Misalnya, ada sejenis makhluk yang disebut katak berjongkok yang berukuran sekitar satu dan enam atau tujuh persepuluh meter dengan mulut yang panjang seperti laras senapan, yang kira-kira tiga perempat panjang tubuh mereka. Mereka pandai memangsa burung di langit, dengan skill mulut panjangnya seperti laras senapan, mampu menembakkan semacam bom bercahaya berbentuk telur berwarna hijau dengan tingkat akurasi yang tinggi. Kekuatan salah satu dari mereka tidak besar, tetapi yang membuat orang takut adalah bahwa katak yang berjongkok adalah hewan sosial. Orang mungkin membayangkan bahwa ratusan katak yang berjongkok diam-diam akan mengintai di dasar hutan lebat, lalu tiba-tiba menyemburkan bom bercahaya itu secara bersamaan. Kebanyakan hewan terbang tidak bisa melarikan diri dari “susunan bom” semacam itu. Itulah mengapa katak yang berjongkok kadang-kadang disebut katak meriam.
Masalah lain adalah bahwa kecerdasan mereka yang sangat rendah tidak dapat membedakan tukang kartu yang terbang di udara dari burung. Dan melihat ke bawah dari langit ke dalam hutan, dedaunan yang lebat menyembunyikan semua bahaya di sana.

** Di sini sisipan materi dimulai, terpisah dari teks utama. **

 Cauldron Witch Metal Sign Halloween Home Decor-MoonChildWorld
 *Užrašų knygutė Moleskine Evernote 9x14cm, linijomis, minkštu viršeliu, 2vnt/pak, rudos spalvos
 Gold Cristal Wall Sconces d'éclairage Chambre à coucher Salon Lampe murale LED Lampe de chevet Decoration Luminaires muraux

Pengrajin kartu dengan akal sehat tidak akan terbang di hutan, di mana hanya bakat muda yang terburu-buru seperti Chen Mu yang akan pergi seperti yang dia lakukan tanpa keraguan. Jika mereka tahu cara Chen Mu terbang melalui hutan, mereka akan merasa dia gila.
Hutan sangat berbahaya di malam hari. Mereka benar-benar tidak bisa melihat apa pun di sekitar mereka, tetapi Bo Wen memiliki banyak pencapaian taktis dari pendidikan pengrajin kartu standar, dan dia tahu apa yang harus dilakukan dalam kondisi itu. Dia tidak dengan sembarangan menggunakan kartu iluminasi, melainkan menyipitkan matanya untuk menyesuaikan dengan sinar cahaya di sekitar. Pada saat yang sama, dia mengeluarkan kartu probe dari kantong yang dibuat khusus di pinggangnya. Kartu penyelidikan itu akan membantunya untuk menyelidiki di sekitarnya untuk setiap ancaman dalam radius lima meter.

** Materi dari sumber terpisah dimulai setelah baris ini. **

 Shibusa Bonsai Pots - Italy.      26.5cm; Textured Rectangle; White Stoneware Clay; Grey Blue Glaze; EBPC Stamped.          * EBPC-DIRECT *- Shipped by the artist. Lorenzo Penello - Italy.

Cheng Ying menunjukkan kekaguman pada cara Bo Wen menghadapi keadaan darurat. Akan dianggap lelucon baginya karena mereka berdua menjadi mitra pertempuran. Siapa yang menyangka bahwa dia akan memiliki pasangan yang begitu berani, dan di tempat yang berbahaya?

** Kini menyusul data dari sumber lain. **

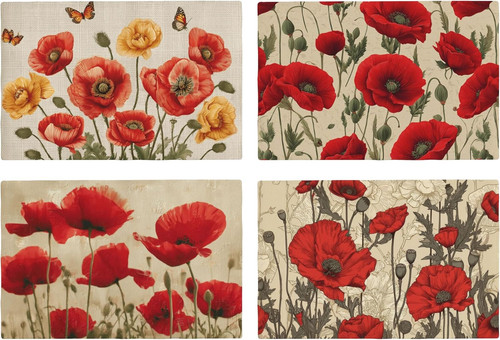 Poppy table placemats set 4 - poppy,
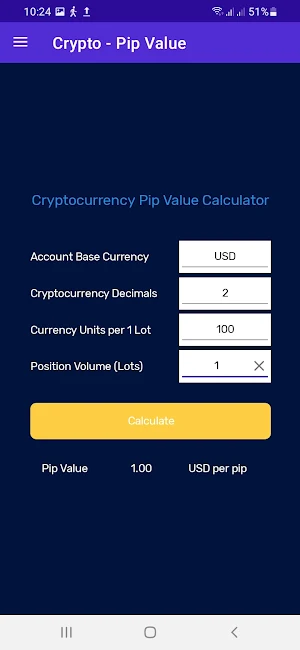Pip Value Calculator Screenshot 1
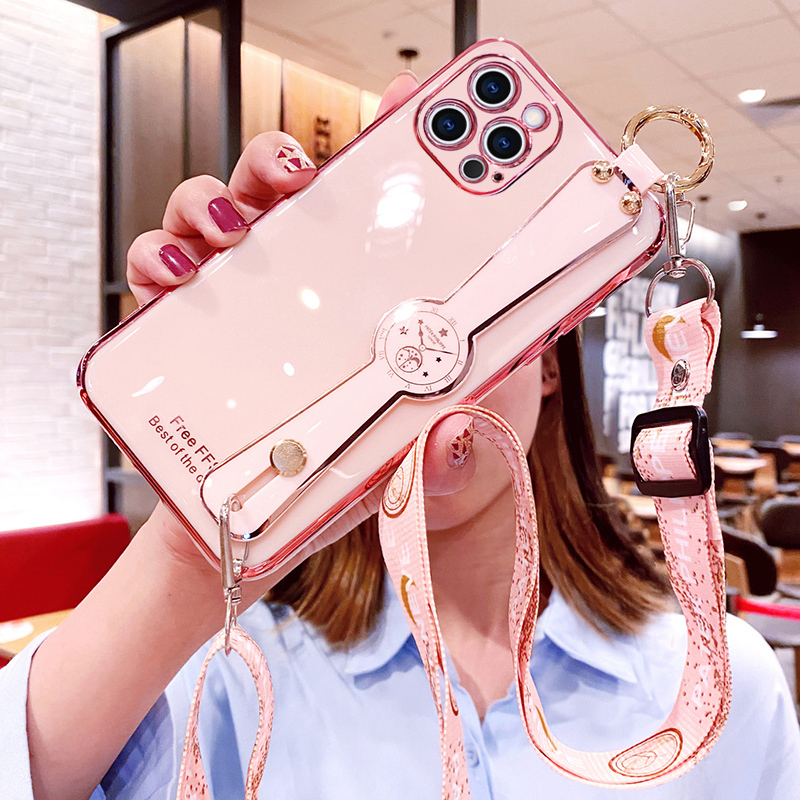 Suitable for Apple 12 Phone Case iPhone 12 Pro Protective Max Silicone Cover Mini Wrist Strap Crossbody Wearable Lanyard Full Coverage 12P Anti-Drop Soft Promax Female Ip Twelve Mini Por Internet Celebrity Pm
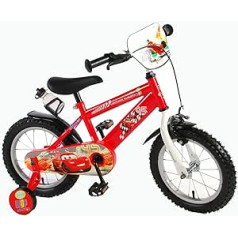 14 colių vaikiškas dviratis berniukui, dviračių padėkliukas, raudonas „McQueen Cars“ Volare 11448-CH-NL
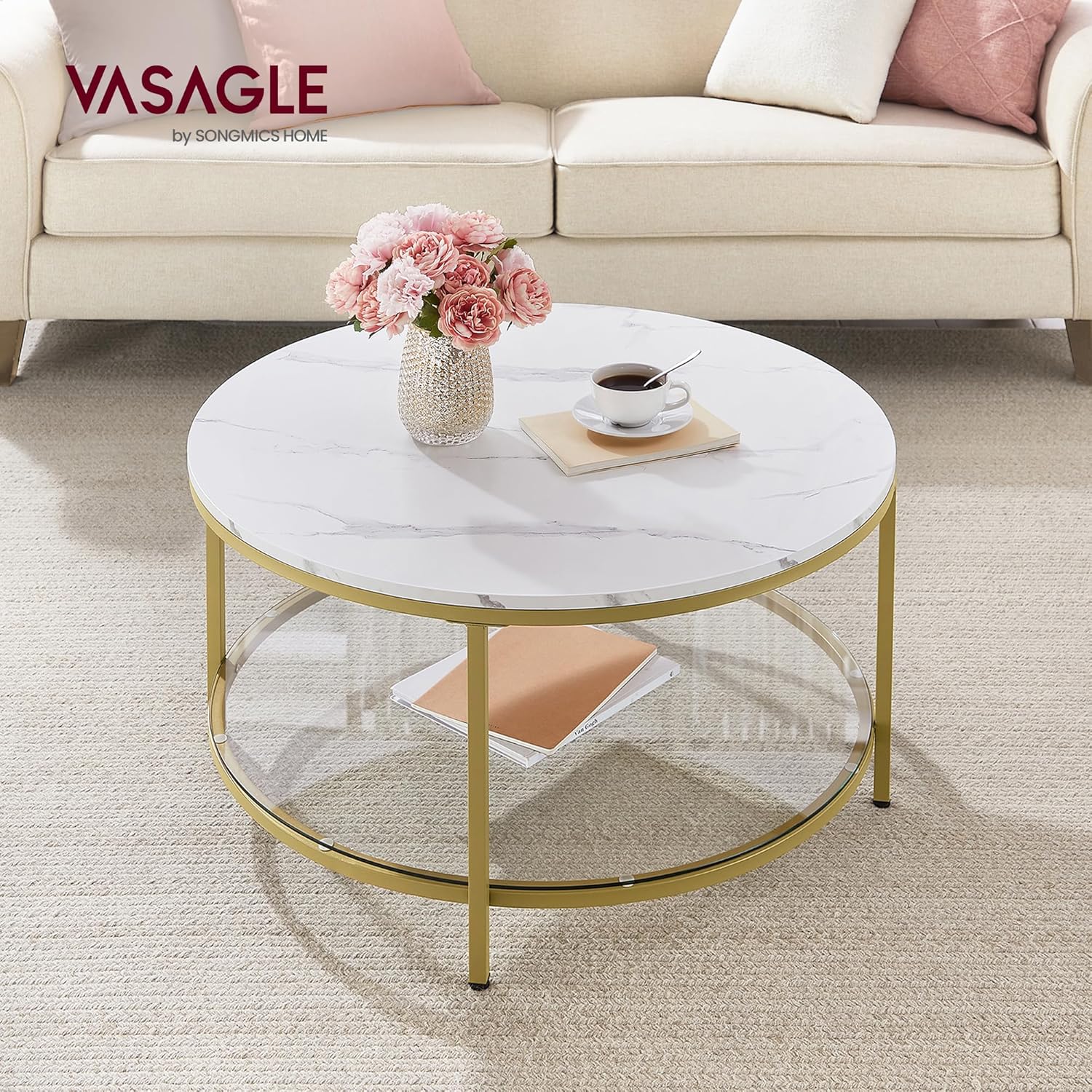 VASAGLE Masa de cafea rotunda cu blat din imitatie de marmura, polita suplimentara din sticla, 80x45cm, alb si auriu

Para pemula selalu suka menggunakan kartu iluminasi dalam kegelapan untuk dapat melihat situasi di sekitar mereka dengan jelas. Sedikit yang mereka tahu bahwa itu adalah langkah terbodoh. Itu seperti memberi musuh kesempatan untuk membuat serangan diam-diam. Tapi itu bukan satu-satunya bahaya di hutan.
Ada banyak serangga di hutan yang tertarik pada cahaya, dan di antaranya ada beberapa yang sangat berbahaya. Segera setelah Anda menggunakan kartu iluminasi, Anda akan menemukan bahwa tanpa menyadarinya bahwa Anda telah dikelilingi oleh beberapa serangga yang sangat berbahaya yang pada akhirnya hanya akan meninggalkan tulang, yang membuat keributan untuk mimpi buruk.
“Lihat!” Cheng Ying telah menemukan sesuatu.